Here’s a second question: Assuming that violence was not intended or likely, did Click utter a “true threat,” another category of speech that the First Amendment doesn’t protect? A “true threat” doesn’t have to be a “real threat”—that is, the speaker need not intend to or be able to carry out the threat. It’s enough if the language is intended to convince others that the speaker intends to. Was she trying to scare Schierbecker into going away? That, too, would not be protected speech.
Both of these are close questions. At the very least, Click walked up to the line that separates free speech from verbal crime.
Here’s a third one. As shown on the video, Click also reached out and pushed or slapped Schierbecker’s video camera. When she did that, did she “knowingly cause physical contact with another person knowing the other person [would] regard the contact as offensive or provocative”? If so, she could be found guilty under Missouri law of “assault in the third degree.” Because the action did not risk injury or death to another person, it is a Class C misdemeanor, and could bring a sentence of up to 15 days in jail.

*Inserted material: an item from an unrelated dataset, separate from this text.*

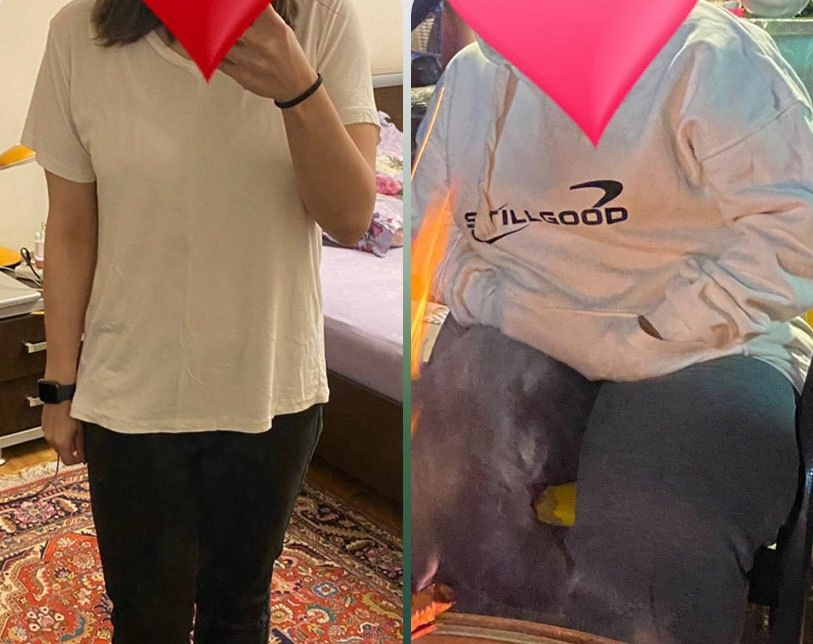 اسلیو و بای پس معده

The third question would make a great criminal-law question, but it’s not hypothetical. On Monday, Columbia’s town prosecutor Stephen Richey charged Click with assault. On Tuesday, she pleaded not guilty.
Click is now globally infamous because of Schierbecker’s video. She has been attacked in media outlets ranging from the Daily Caller to The Washington Post. She has already resigned her courtesy title as “assistant professor of journalism.” She is currently up for tenure in Mizzou’s communication department, and my academic nose suggests that she’s unlikely to get it. On Tuesday afternoon, the university’s Board of Curators was meeting to consider an unspecified “action item”—one that may take the decision out of the faculty’s hands. One hundred members of the Missouri legislature have signed a letter to university officials demanding that she be fired immediately. A petition entitled “Fire Professor Melissa Click” has attracted nearly 3,500 signatures on change.org. One Missouri lawmaker has even introduced a bill to require all Mizzou students to take a three-hour course in free speech.
In other words, things are pretty heated in Missouri. When the dialogue reaches the idea of government-prescribed mandatory ideological free-speech training, it may be a sign that we are not defining our terms as precisely as we should. And the rush to make a public sacrifice of Click ought to give everyone pause—not for her sake but for the sake of free speech itself.
One of the most famous dissents in American constitutional law was written by Oliver Wendell Holmes, Jr. in a 1919 case called United States v. Abrams. The defendants in that case had printed leaflets denouncing U.S. intervention in Russia, and then thrown the papers from a high window. They were charged with conspiring to obstruct the U.S. war effort against Germany. The Court’s majority upheld the convictions, citing an earlier Holmes opinion, United States v. Schenck, in which he brushed aside First Amendment concerns with his famous aphorism, “[t]he most stringent protection of free speech would not protect a man in falsely shouting fire in a theatre and causing a panic.”